Heute schreibt sie selbst Springsport-Geschichte. Sie verbucht unzählige Siege und ist als erste Frau die Nr. 1 der Weltrangliste. Wie sie diese großartigen Erfolge über ihr Können, ihre Philosophie und ihre ganz eigene Methode mit Pferden zu arbeiten geschafft hat, können wir nun nachlesen.

Elmar Pollmann-Schweckhorst zeigt auf 160 Seiten mitfühlend und erlebbar verschiedene Ansätze der Philosophie, der Methode und damit einhergehende wichtige Lebensetappen der erfolgreichsten Springreiterin der Welt. Das Buch „Keine Angst vor großen Zielen – Meredith Michaels-Beerbaums Weg zur Nr.1: Ihr Leben – Ihre Methode – Ihre Philosophie“ ist ein großartiges Porträt einer anmutigen, zierlichen Person mit einem riesigen Herz und einem enormen positiven Glauben in die Beziehungen zu ihren Pferden.

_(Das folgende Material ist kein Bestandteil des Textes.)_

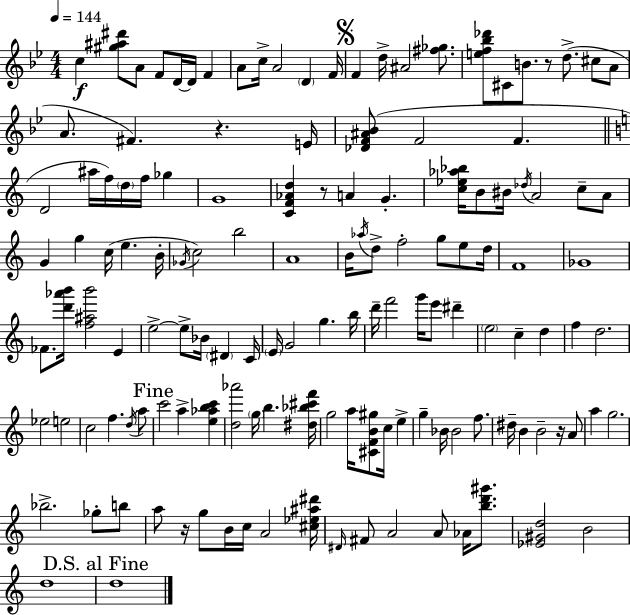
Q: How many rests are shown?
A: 5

Aus: Keine Angst vor großen Zielen, S. 146.
Aus: Keine Angst vor großen Zielen, S. 146.

Dieses, vom FN Verlag herausgegebene, Buch ist ein Muss für Meredith-Fans und Menschen die sich für Merediths ganz eigene und überaus erfolgreiche Interpretation des Horsemanships interessieren.

Ein hervorragendes Buch zum Verschenken und zum selbst Behalten!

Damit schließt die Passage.